A Livraria Buchhölz ficava na Rua Duque de Palmela, uma paralela à Av. da Liberdade, a meio caminho entre o Largo do Rato e a Praça Marquês de Pombal. Não estava na rota das multidões, nunca esteve, mas era um espaço emblemático da cidade. Especialmente para quem tinha a paixão dos livros e das coisas de ler e folhear. E da música, também. Na cave havia um pequeno paraíso, vocacionado para o jazz, ópera, música clássica e erudita. Era lá que, na década de 80, princípios de 90, ainda se iam encontrando algumas pérolas de world music. Antes da Fnac e das encomendas online, via Amazon e afins.

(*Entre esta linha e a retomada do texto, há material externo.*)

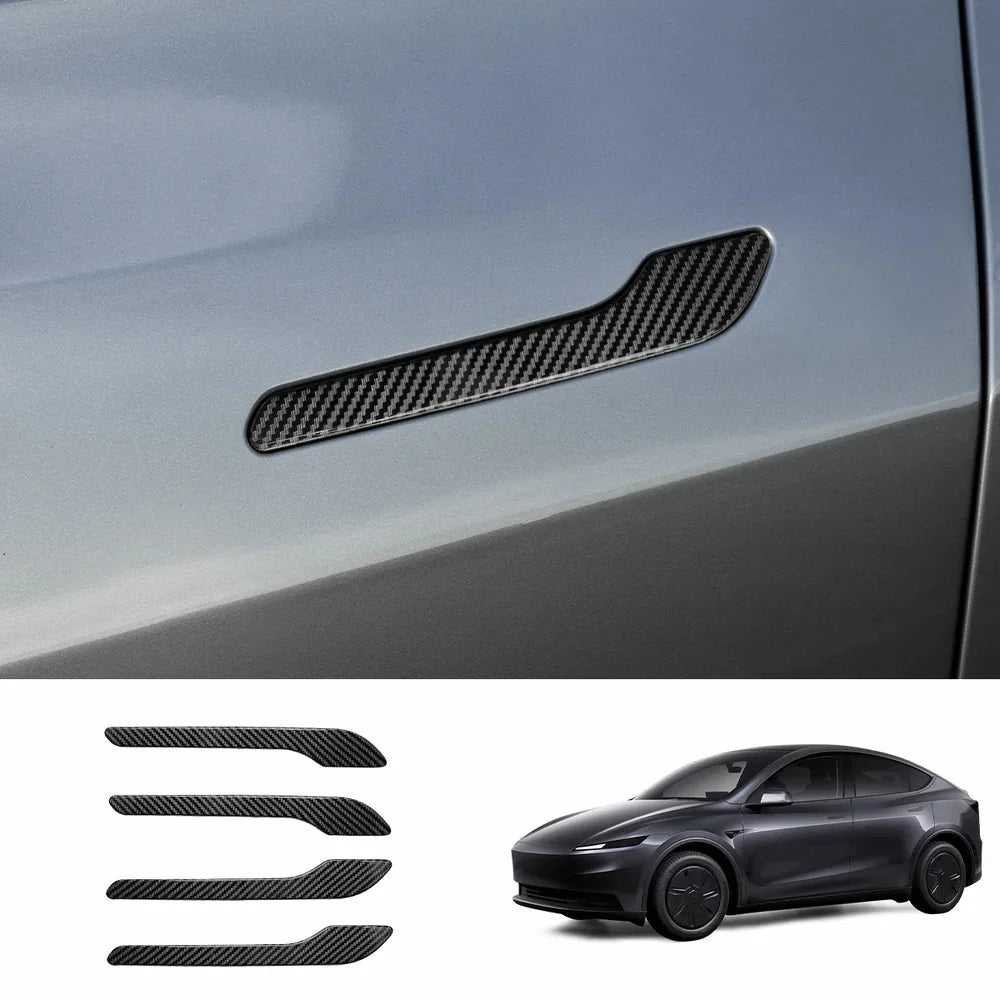 ABS Side Mirror Covers & Door Handle Covers for 2026 New Tesla Model Y Standard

Tinha uma vidraça ampla a deitar para a calçada que a copa frondosa das árvores, ainda hoje (uma raridade cada vez maior em Lisboa!), abraça de um extremo ao outro, deixando-a sempre sob uma abóbada de sombra, deliciosamente refrescante durante o Verão, sorumbática e misteriosa no Inverno. Por dentro era toda em madeira, com um lance que subia e outro que descia ao piso inferior. Lá em cima 'era mais' poesia e edições estrangeiras, cá em baixo 'era mais' música e uma ou outra exposição, porque também funcionava como galeria de arte sem periodicidade certa. Ramificava por uma espécie de varandins e sacadas, formando nichos que correspondiam também a géneros e outras preciosidades, embora a lógica e a organização não imperassem em redor.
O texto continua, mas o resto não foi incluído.